- _Problem statement_:
Write out all of the data again, precisely as it appears.

Top of Source data

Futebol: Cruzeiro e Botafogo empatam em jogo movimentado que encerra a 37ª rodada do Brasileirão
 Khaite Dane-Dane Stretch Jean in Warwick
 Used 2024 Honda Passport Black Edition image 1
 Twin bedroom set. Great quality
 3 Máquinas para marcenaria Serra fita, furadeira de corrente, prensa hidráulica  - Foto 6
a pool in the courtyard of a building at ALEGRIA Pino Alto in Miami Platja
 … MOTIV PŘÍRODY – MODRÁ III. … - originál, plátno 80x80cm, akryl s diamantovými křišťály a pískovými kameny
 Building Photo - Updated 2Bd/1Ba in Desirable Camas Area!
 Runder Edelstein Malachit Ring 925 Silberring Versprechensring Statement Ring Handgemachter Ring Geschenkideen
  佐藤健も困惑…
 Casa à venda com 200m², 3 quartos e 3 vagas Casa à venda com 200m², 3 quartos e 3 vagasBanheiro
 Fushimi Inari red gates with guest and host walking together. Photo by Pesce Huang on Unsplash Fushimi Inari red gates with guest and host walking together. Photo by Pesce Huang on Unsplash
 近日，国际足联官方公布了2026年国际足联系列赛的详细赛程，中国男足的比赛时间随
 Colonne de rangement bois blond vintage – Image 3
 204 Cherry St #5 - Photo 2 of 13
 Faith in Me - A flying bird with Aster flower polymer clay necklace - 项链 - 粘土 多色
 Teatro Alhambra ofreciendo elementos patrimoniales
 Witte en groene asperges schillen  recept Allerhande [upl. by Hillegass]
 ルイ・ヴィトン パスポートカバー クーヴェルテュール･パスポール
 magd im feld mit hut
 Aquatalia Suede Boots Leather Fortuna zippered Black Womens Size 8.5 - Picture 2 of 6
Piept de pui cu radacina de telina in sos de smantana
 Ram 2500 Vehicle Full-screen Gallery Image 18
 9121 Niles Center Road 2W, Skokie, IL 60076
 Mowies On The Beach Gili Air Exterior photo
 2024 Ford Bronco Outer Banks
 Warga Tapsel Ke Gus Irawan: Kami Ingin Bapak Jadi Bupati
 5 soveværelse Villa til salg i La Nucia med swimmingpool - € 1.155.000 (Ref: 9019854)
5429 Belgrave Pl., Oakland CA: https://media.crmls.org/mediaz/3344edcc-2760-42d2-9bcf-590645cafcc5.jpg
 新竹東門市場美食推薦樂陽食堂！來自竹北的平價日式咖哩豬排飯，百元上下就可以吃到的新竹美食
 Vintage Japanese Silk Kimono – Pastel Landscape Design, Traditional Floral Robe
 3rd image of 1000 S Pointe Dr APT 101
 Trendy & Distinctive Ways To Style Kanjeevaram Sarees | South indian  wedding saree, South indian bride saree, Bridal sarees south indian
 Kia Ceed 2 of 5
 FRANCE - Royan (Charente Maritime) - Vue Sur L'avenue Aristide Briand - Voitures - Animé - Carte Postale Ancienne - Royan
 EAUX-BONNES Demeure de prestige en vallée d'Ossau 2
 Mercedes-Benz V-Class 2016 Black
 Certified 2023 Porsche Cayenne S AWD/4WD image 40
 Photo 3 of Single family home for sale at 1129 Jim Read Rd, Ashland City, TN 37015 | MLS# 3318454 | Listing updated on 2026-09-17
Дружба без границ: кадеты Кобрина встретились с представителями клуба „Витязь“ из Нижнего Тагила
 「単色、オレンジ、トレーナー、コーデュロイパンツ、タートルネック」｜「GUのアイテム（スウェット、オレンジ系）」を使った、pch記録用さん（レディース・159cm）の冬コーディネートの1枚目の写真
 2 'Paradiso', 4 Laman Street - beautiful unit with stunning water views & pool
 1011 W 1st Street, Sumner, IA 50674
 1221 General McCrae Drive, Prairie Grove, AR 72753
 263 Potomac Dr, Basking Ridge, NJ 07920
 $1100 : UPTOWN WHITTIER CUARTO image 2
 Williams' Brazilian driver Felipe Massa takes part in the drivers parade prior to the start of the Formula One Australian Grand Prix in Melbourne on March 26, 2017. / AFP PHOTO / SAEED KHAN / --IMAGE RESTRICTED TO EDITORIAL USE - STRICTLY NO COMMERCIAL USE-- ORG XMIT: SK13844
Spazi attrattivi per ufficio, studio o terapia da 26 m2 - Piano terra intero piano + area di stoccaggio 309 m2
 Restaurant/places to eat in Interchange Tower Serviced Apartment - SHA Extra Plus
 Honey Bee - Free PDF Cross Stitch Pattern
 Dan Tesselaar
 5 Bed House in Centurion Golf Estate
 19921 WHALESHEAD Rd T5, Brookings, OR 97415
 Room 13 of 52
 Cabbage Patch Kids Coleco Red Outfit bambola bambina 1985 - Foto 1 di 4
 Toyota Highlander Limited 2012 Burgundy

Bottom of Source data

- _Solution for this exercise_:
Futebol: Cruzeiro e Botafogo empatam em jogo movimentado que encerra a 37ª rodada do Brasileirão
 Khaite Dane-Dane Stretch Jean in Warwick
 Used 2024 Honda Passport Black Edition image 1
 Twin bedroom set. Great quality
 3 Máquinas para marcenaria Serra fita, furadeira de corrente, prensa hidráulica  - Foto 6
a pool in the courtyard of a building at ALEGRIA Pino Alto in Miami Platja
 … MOTIV PŘÍRODY – MODRÁ III. … - originál, plátno 80x80cm, akryl s diamantovými křišťály a pískovými kameny
 Building Photo - Updated 2Bd/1Ba in Desirable Camas Area!
 Runder Edelstein Malachit Ring 925 Silberring Versprechensring Statement Ring Handgemachter Ring Geschenkideen
  佐藤健も困惑…
 Casa à venda com 200m², 3 quartos e 3 vagas Casa à venda com 200m², 3 quartos e 3 vagasBanheiro
 Fushimi Inari red gates with guest and host walking together. Photo by Pesce Huang on Unsplash Fushimi Inari red gates with guest and host walking together. Photo by Pesce Huang on Unsplash
 近日，国际足联官方公布了2026年国际足联系列赛的详细赛程，中国男足的比赛时间随
 Colonne de rangement bois blond vintage – Image 3
 204 Cherry St #5 - Photo 2 of 13
 Faith in Me - A flying bird with Aster flower polymer clay necklace - 项链 - 粘土 多色
 Teatro Alhambra ofreciendo elementos patrimoniales
 Witte en groene asperges schillen  recept Allerhande [upl. by Hillegass]
 ルイ・ヴィトン パスポートカバー クーヴェルテュール･パスポール
 magd im feld mit hut
 Aquatalia Suede Boots Leather Fortuna zippered Black Womens Size 8.5 - Picture 2 of 6
Piept de pui cu radacina de telina in sos de smantana
 Ram 2500 Vehicle Full-screen Gallery Image 18
 9121 Niles Center Road 2W, Skokie, IL 60076
 Mowies On The Beach Gili Air Exterior photo
 2024 Ford Bronco Outer Banks
 Warga Tapsel Ke Gus Irawan: Kami Ingin Bapak Jadi Bupati
 5 soveværelse Villa til salg i La Nucia med swimmingpool - € 1.155.000 (Ref: 9019854)
5429 Belgrave Pl., Oakland CA: https://media.crmls.org/mediaz/3344edcc-2760-42d2-9bcf-590645cafcc5.jpg
 新竹東門市場美食推薦樂陽食堂！來自竹北的平價日式咖哩豬排飯，百元上下就可以吃到的新竹美食
 Vintage Japanese Silk Kimono – Pastel Landscape Design, Traditional Floral Robe
 3rd image of 1000 S Pointe Dr APT 101
 Trendy & Distinctive Ways To Style Kanjeevaram Sarees | South indian  wedding saree, South indian bride saree, Bridal sarees south indian
 Kia Ceed 2 of 5
 FRANCE - Royan (Charente Maritime) - Vue Sur L'avenue Aristide Briand - Voitures - Animé - Carte Postale Ancienne - Royan
 EAUX-BONNES Demeure de prestige en vallée d'Ossau 2
 Mercedes-Benz V-Class 2016 Black
 Certified 2023 Porsche Cayenne S AWD/4WD image 40
 Photo 3 of Single family home for sale at 1129 Jim Read Rd, Ashland City, TN 37015 | MLS# 3318454 | Listing updated on 2026-09-17
Дружба без границ: кадеты Кобрина встретились с представителями клуба „Витязь“ из Нижнего Тагила
 「単色、オレンジ、トレーナー、コーデュロイパンツ、タートルネック」｜「GUのアイテム（スウェット、オレンジ系）」を使った、pch記録用さん（レディース・159cm）の冬コーディネートの1枚目の写真
 2 'Paradiso', 4 Laman Street - beautiful unit with stunning water views & pool
 1011 W 1st Street, Sumner, IA 50674
 1221 General McCrae Drive, Prairie Grove, AR 72753
 263 Potomac Dr, Basking Ridge, NJ 07920
 $1100 : UPTOWN WHITTIER CUARTO image 2
 Williams' Brazilian driver Felipe Massa takes part in the drivers parade prior to the start of the Formula One Australian Grand Prix in Melbourne on March 26, 2017. / AFP PHOTO / SAEED KHAN / --IMAGE RESTRICTED TO EDITORIAL USE - STRICTLY NO COMMERCIAL USE-- ORG XMIT: SK13844
Spazi attrattivi per ufficio, studio o terapia da 26 m2 - Piano terra intero piano + area di stoccaggio 309 m2
 Restaurant/places to eat in Interchange Tower Serviced Apartment - SHA Extra Plus
 Honey Bee - Free PDF Cross Stitch Pattern
 Dan Tesselaar
 5 Bed House in Centurion Golf Estate
 19921 WHALESHEAD Rd T5, Brookings, OR 97415
 Room 13 of 52
 Cabbage Patch Kids Coleco Red Outfit bambola bambina 1985 - Foto 1 di 4
 Toyota Highlander Limited 2012 Burgundy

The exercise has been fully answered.